La crisi è quel momento in cui il vecchio muore e il nuovo stenta a nascere. Antonio Gramsci

lunedì 29 febbraio 2016

Che vuol dire oggi l’unità dei comunisti?

di Giulio AF Buratti
Il Pcdi rilancia sull’unificazione con il Prc ma non c’è nemmeno una parola, nella lettera del Pcdi a Ferrero, sul fatto che la divisione tra i “comunisti” avvenne – e persiste in gran parte – sui nodi del rapporto con il centrosinistra di governo e dell’appoggio alla guerra contro i civili della ex Jugoslavia che il governo Prodi, poi D’Alema, stava contribuendo a scatenare assieme alla Nato. Cossutta si portò via gran parte del gruppo parlamentare e una piccola parte di militanti: un simboletto che ricordava quello del “glorioso” Pci in cambio della partecipazione alle meno gloriose gesta di D’Alema e poi Amato. Seguirono anni di galleggiamento sulla linea del due per cento e le non brillantissime performance di Diliberto da ministro Guardasigilli sulle orma del suo maestro Togliatti.
Una decina di anni dopo, nel 2008, anche il Prc cominciò a deflagrare per via del suo appoggio alla guerra contro donne, vecchi e bambini afgani, in nome della tenuta di un altro infelicissimo gabinetto Prodi. Tra i due partiti, la fulminante stagione dell’Arcobaleno, non sedimentò granché ed entrambi hanno perso pezzi in transito verso Sel. Venne la breve epoca della Federazione della sinistra, visto che, come notò Diliberto, era venuto meno il peccato originale del voto alle missioni. Ma il nodo del rapporto col Pd restò insolubile. Il Pdci, come si chiamava allora, prendeva le forme e i contenuti del Pd, nei territori che governava con gli altri ex del Pci. Al punto che gli ex cossuttiani chiesero un passaggio sul carro delle primarie che incoronarono Bersani. Poi spuntò la stella di Ingroia e furono proprio alcuni maggiorenti del Pdci a pilotarne l’infelice campagna elettorale. Diliberto ha lasciato al guida del partito che, come i cugini del Prc, è sottoposto a ripetute scissioni, da quella di Marco Rizzo, foraggiata dall’Idv, fino al gruppo di “Comunisti ora” tornato a Rifondazione.
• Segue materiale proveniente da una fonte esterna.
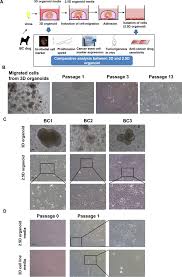 Increased coughing can also be a less common sign of bladder cancer along with labored breathing. Establishment Of 2 5d Organoid Culture Model Using 3d Bladder Cancer Organoid Culture Scientific Reports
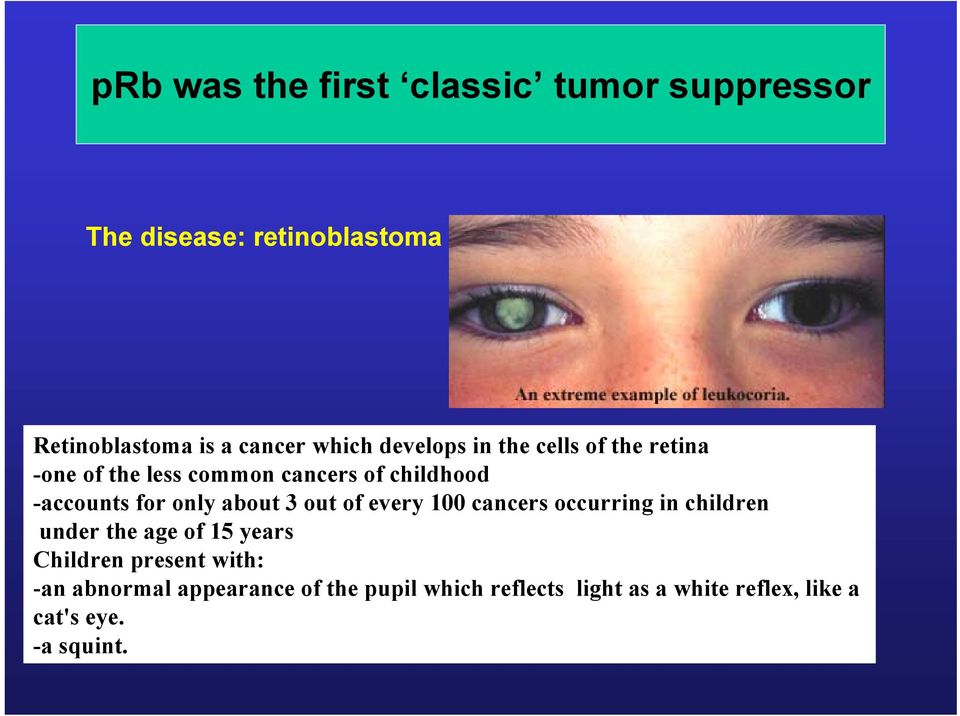 about 3 out of every 100 cancers occurring in children under the age of 15 years Children present with:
Esponenti più o meno di spicco del Pcdi – oltre a non far mai mancare il proprio sostegno ai vertici della Cgil – non hanno disdegnato, di recente, la compagnia di personaggi rossobruni e si sono posti su posizioni “campiste” a scoppio ritardato. Così, tramutatosi da Pdci in Pcdi, il partito rilancia, dopo aver congelato l’idea della Costituente comunista (era stata annunciata per dicembre ma non s’è vista), ai cugini del Prc il progetto dell’unità dei comunisti.
Che in Italia il movimento operaio organizzato non abbia più espressioni politiche è un fatto drammatico sotto gli occhi di tutti ma la parola d’ordine dell’”unità dei comunisti” suona come una campana stonata di fronte alla diaspora di ceti politici in disarmo e senza nulla da vantare se non il passato remoto sopravvalutato del Pci (il partito del compromesso storico, dell’unità nazionale, dell’austerità modello anni 70, della legge Reale…) e un passato prossimo nelle infauste stagioni del centrosinistra. Per non dire dei gruppetti che inneggiano alla funzione antimperialista dell’Isis (Pmli), che esortano Grillo a guidare la rivoluzione proletaria (Carc), che paragonano la Corea del Nord a Cuba e vietano l’accesso ai social dei militanti (Rizzo).
Esiste uno spazio, a sinistra, per chi voglia provare a lavorare per una nuova politicizzazione di massa sottraendosi sia alle torsioni sovraniste e neocampiste (quello che rischia il cartello eurostop) così come alla nostalgia della Grande Sel per il Pds? C’è appena stato un meeting importante, a Madrid, promosso da soggettività antiliberiste e anticapitaliste per costruire un’alternativa, un Plan B, all’Europa dell’austerità e della guerra. La delegazione italiana è tornata con parecchie idee e un’agenda che ha fissato una giornata di mobilitazione per il 28 maggio, ricorrenza dell’ultimo giorno della Comune di Parigi. Certamente, connettere le lotte, riunire quello che il neoliberismo ha diviso, è un’impresa ben più ardua di quella di riappiccicare i pezzi di una sinistra radicale travolta dalla sua ostinazione a partecipare ai governi dove non ha potuto inceppare la lunga marcia del neoliberismo semplicemtente perché i suoi partner di governo – Ds e centristi – erano e sono la filiale italiana di quelle politiche.